Studio album by Utopia
- Released: December 27, 1979
- Recorded: Utopia Sound (Lake Hill)
- Genre: Pop rock; progressive rock;
- Length: 42:24
- Label: Bearsville
- Producer: Todd Rundgren; Utopia;

Utopia chronology
| Oops! Wrong Planet (1977) | Adventures in Utopia (1979) | Deface the Music (1980) |

Singles from Adventures In Utopia
- "Set Me Free" Released: February 1980; "The Very Last Time" Released: May 1980; "Second Nature" Released: 1980;

= Adventures in Utopia =

Adventures in Utopia is the fourth studio album by American rock band Utopia, released on December 27, 1979, by Bearsville Records.

Mixing their earlier progressive rock style with mainstream rock, pop and disco music, Adventures in Utopia achieved success both with the band's established fan base and wider commercial success, with the track "Set Me Free" released as a single. The song became the only Top 40 single for Utopia in the United States. "Umbrella Man" was its B-side.

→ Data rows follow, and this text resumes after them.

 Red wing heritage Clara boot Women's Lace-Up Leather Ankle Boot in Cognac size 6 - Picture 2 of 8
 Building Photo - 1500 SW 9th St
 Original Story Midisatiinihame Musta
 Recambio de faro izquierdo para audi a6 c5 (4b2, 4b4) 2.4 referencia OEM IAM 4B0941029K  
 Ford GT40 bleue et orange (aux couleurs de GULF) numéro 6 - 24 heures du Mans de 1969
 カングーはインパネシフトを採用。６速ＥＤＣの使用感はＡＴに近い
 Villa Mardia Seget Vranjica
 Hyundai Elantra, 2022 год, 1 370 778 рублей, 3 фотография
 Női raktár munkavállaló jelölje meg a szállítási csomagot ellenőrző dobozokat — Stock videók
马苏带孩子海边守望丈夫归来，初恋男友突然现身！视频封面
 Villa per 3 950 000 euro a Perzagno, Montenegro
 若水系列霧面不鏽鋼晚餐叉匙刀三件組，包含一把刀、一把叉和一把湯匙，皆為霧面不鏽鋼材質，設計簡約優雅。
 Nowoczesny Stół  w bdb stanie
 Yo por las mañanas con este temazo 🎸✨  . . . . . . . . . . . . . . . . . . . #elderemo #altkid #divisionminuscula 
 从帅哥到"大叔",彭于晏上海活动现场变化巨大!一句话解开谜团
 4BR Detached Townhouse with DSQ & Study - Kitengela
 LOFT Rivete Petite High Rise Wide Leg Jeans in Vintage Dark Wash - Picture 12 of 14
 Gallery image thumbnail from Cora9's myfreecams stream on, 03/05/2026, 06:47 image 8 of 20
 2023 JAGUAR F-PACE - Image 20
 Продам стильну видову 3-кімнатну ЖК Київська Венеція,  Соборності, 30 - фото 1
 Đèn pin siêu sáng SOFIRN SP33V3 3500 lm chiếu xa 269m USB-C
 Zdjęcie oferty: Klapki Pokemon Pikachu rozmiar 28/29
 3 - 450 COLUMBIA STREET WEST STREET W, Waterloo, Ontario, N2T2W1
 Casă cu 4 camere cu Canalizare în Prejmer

The by-then established Utopia line-up of Todd Rundgren, Kasim Sulton, Roger Powell and John "Willie" Wilcox wrote, performed and produced the album on their own.

According to Rundgren, the album was intended for a release date of July 6, 1979 and was seemingly finished by then, but they did not have a record company to release it until its eventual release date at the end of the year.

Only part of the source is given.